Listed records:
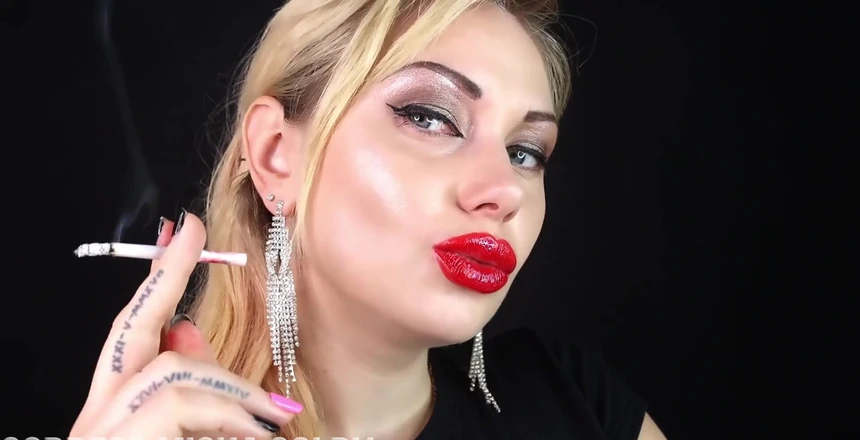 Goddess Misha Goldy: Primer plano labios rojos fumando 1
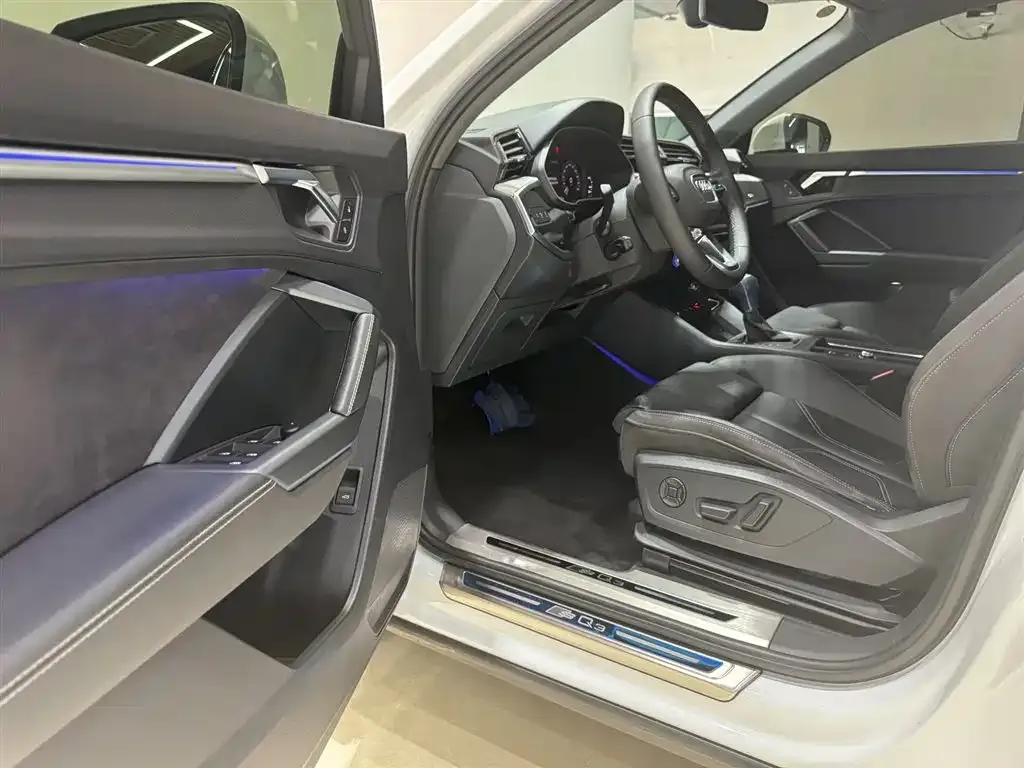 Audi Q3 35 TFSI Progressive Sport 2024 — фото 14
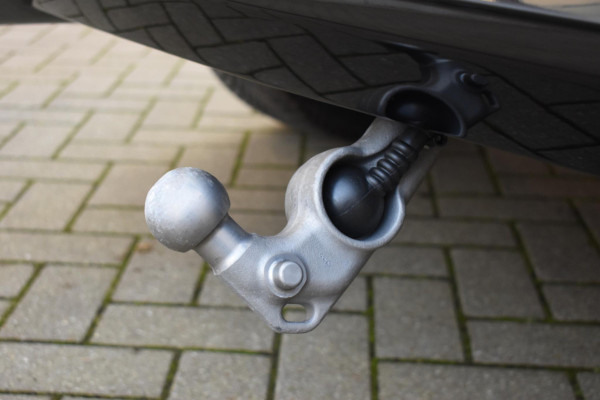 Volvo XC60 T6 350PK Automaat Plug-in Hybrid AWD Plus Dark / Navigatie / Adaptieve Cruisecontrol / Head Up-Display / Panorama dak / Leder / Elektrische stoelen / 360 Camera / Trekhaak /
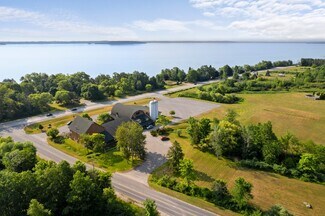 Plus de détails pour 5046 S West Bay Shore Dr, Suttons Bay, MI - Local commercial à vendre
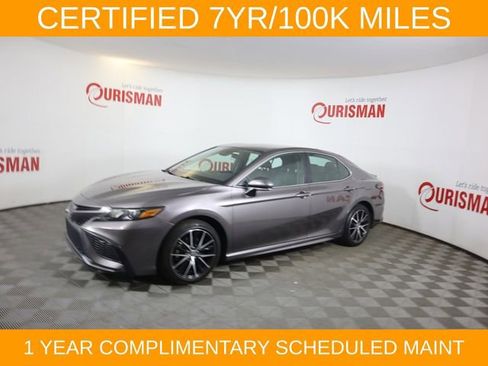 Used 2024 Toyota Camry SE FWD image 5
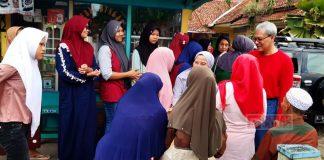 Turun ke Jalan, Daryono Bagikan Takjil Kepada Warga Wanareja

==

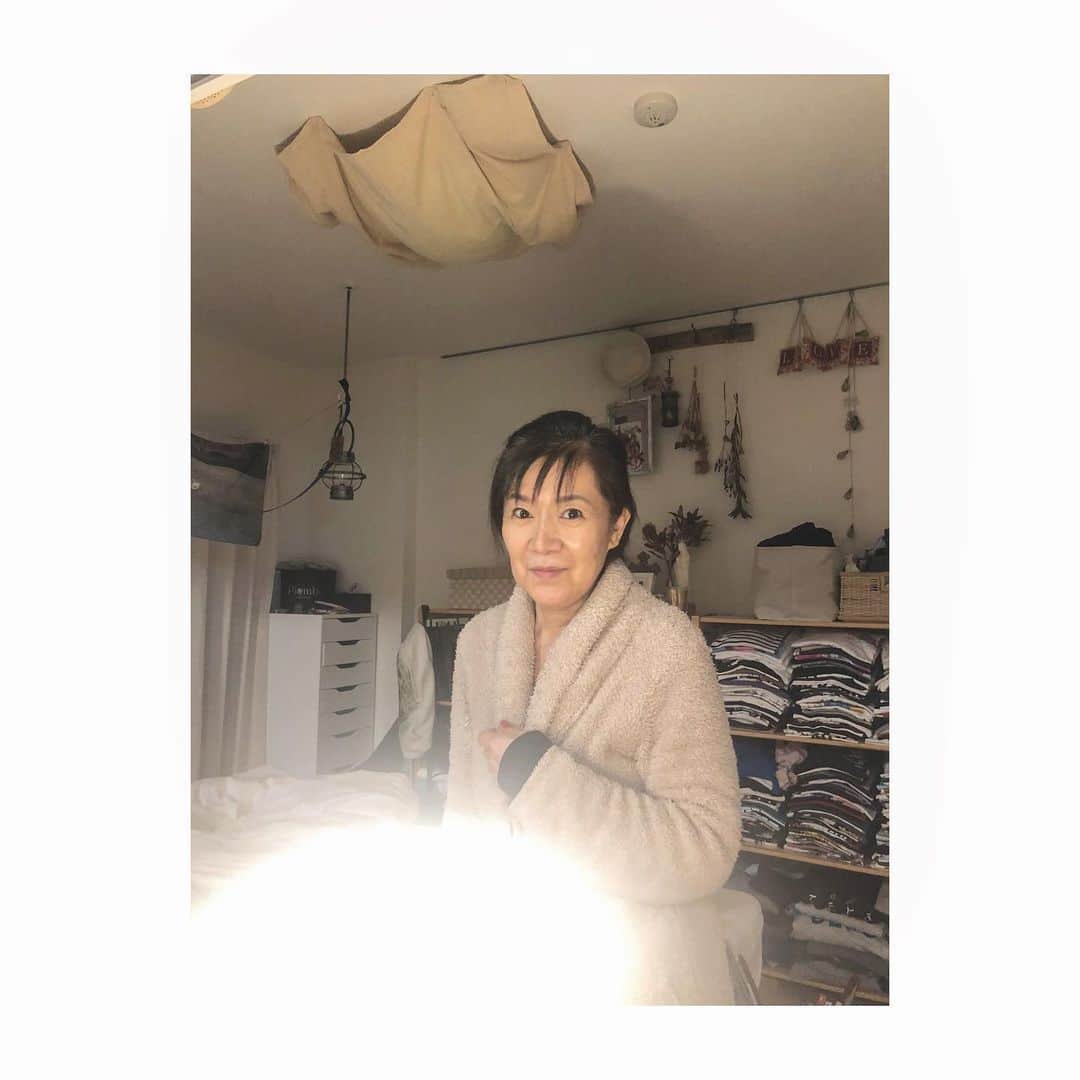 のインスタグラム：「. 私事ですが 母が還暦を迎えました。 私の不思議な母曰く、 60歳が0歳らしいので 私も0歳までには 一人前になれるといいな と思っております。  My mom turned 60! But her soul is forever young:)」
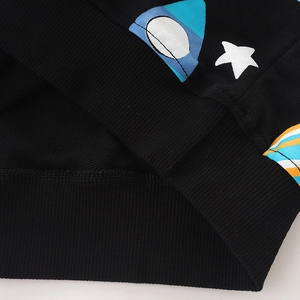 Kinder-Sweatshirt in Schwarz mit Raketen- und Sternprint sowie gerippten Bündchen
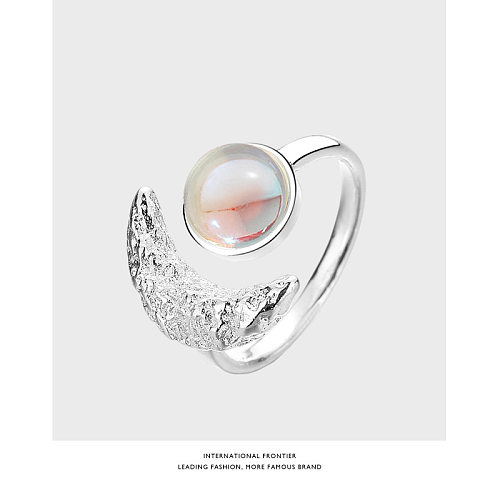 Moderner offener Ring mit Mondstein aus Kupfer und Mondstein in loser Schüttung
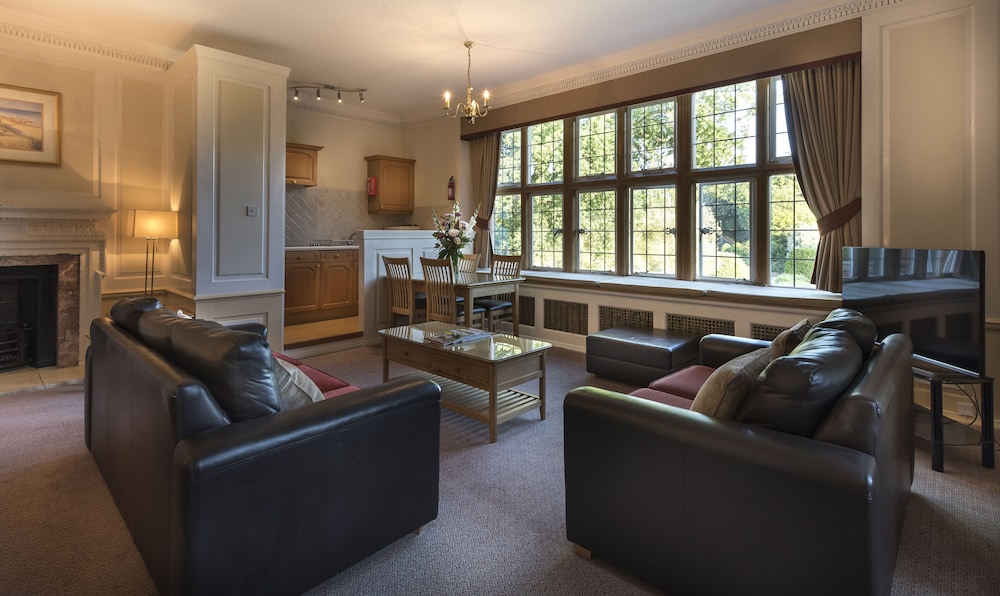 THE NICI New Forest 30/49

* * *

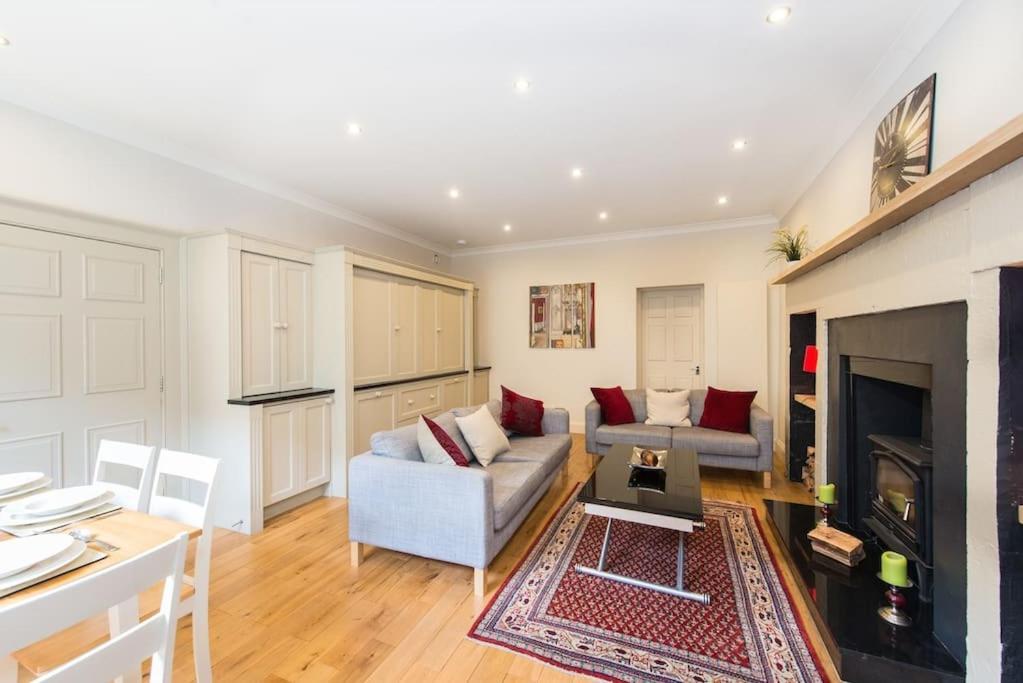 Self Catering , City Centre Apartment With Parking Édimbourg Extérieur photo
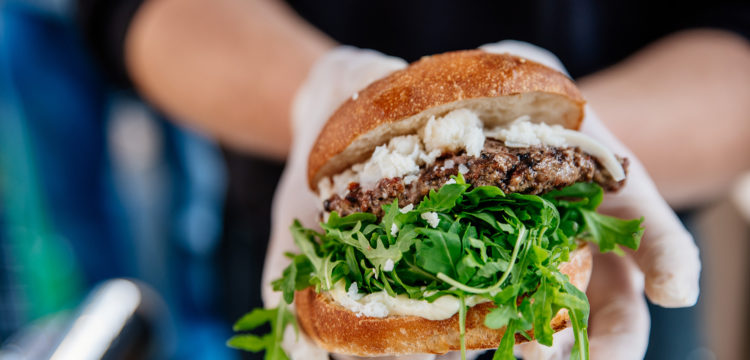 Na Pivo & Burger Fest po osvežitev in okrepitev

Problem to work on:
Within the listing above, write out the stretch from the line with "Goddess Misha Goldy: Primer" through the line with "Turun ke Jalan, Daryono" exactly. Any pictures are to be left out.

Result of the task:
 Goddess Misha Goldy: Primer plano labios rojos fumando 1
 Audi Q3 35 TFSI Progressive Sport 2024 — фото 14
 Volvo XC60 T6 350PK Automaat Plug-in Hybrid AWD Plus Dark / Navigatie / Adaptieve Cruisecontrol / Head Up-Display / Panorama dak / Leder / Elektrische stoelen / 360 Camera / Trekhaak /
 Plus de détails pour 5046 S West Bay Shore Dr, Suttons Bay, MI - Local commercial à vendre
 Used 2024 Toyota Camry SE FWD image 5
 Turun ke Jalan, Daryono Bagikan Takjil Kepada Warga Wanareja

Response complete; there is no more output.